Are high oil prices a net stimulus to the US economy?
Commenter “jm” to a Brad Setser post remarks…
Because such a large fraction of any rise in the prices we pay the oil producers is immediately lent back to us — and in dollar-denominated loans — the effective drag on the US economy of higher oil prices is less by that fraction.
If we pay $10 more per barrel for oil, but $8 of that is immediately recycled back to us through purchases of US securities…
His analysis is right on, but perhaps it doesn’t go far enough. As a thought experiment, let’s make a bunch of assumptions, and see what happens:
- Following JM, we posit that 80% of oil revenue is neither consumed nor used to fund domestic investment by oil producing countries, and is instead used to purchase debt securities on international markets.
- We presume that the US has an 80% market share in the international debt securities market, and that this will remain constant over the short term. (Even if Iran, for example, buys only Euro debt, we assume that indirectly 80% of all international lending finds its way to the US.)
- We guesstimate that the US accounts for 25% of the world’s petroleum consumption, and that oil demand is perfectly inelastic (short term).
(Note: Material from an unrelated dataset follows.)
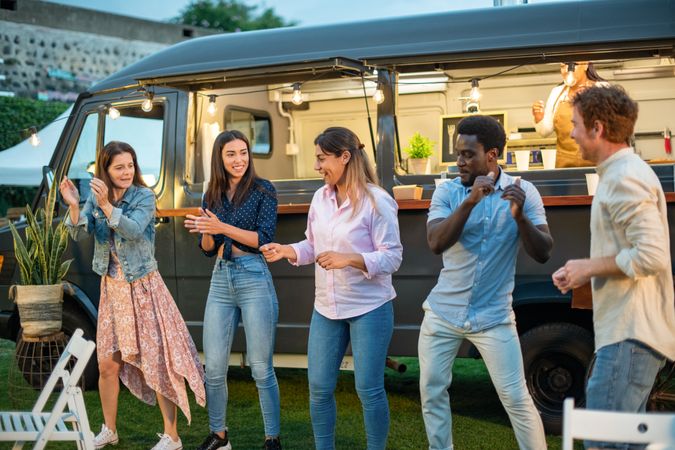 Happy diverse friends having fun near van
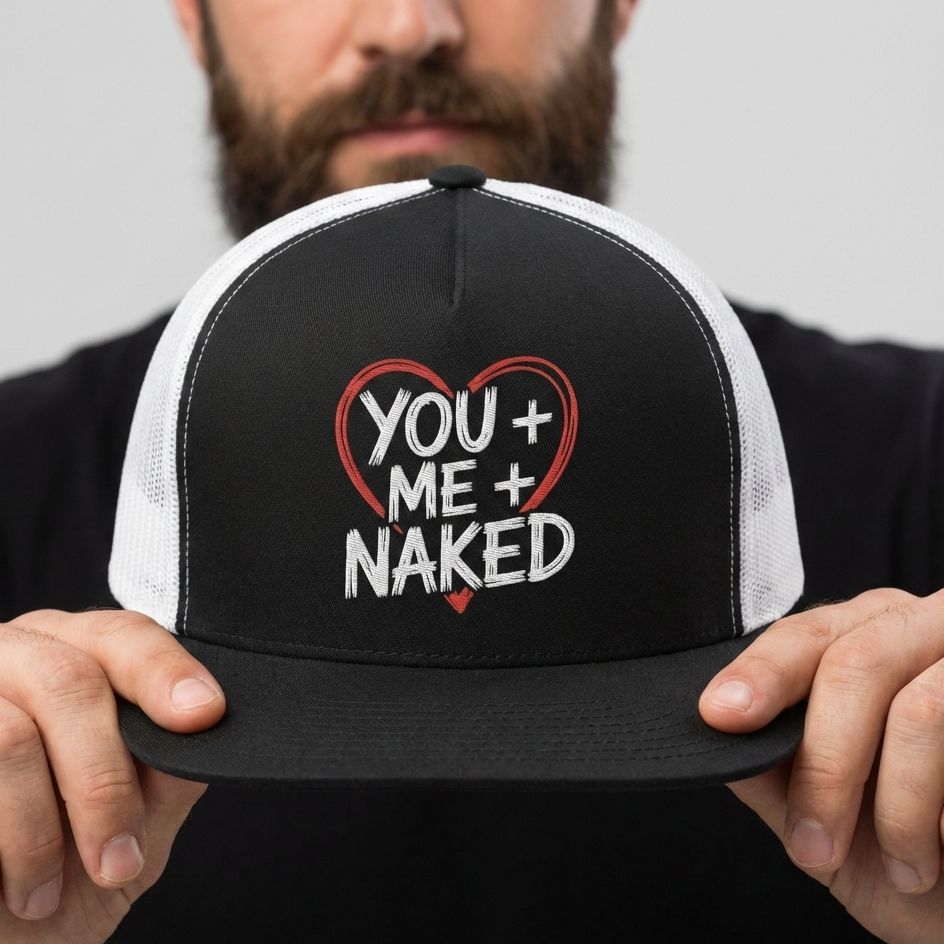 a male model holding a black and white flat bill valentines trucker hat with the phrase "You + Me + Naked" surrounded by a Valentine's Heart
- We assume that US current economic activity is cash constrained. That is, US agents will consume or invest all the cash that they borrow, without regard to the total debt load they are racking up in the process.1
- We assume for simplicitly that cashflows are instantaneous, that effects are not at all lagged.
Now, when a US consumer purchases that a dollar’s worth of oil, the US economy sees an outward cashflow of $1. Oil producers see an incoming cash flow of $4 (since the US represents 25% of the world market by assumption). Oil producers lend $3.20 of that revenue to international markets. US borrowers take on $2.56 worth of debt. What’s the net cashflow to the US economy associated with a purchase of oil? For ever dollar spent on oil, Americans get their dollar right back in lendings, plus an extra $1.56 of new lending to purchase homes, vacations, and SUVs with. In other words, an increase in the price of fuel is cash flow positive to the US economy! By assumption 4, this means that despite the reduction of net exports represented by high fuel prices, an increase in the price of oil leads to an increase in US GDP! It’s a great deal, until something changes.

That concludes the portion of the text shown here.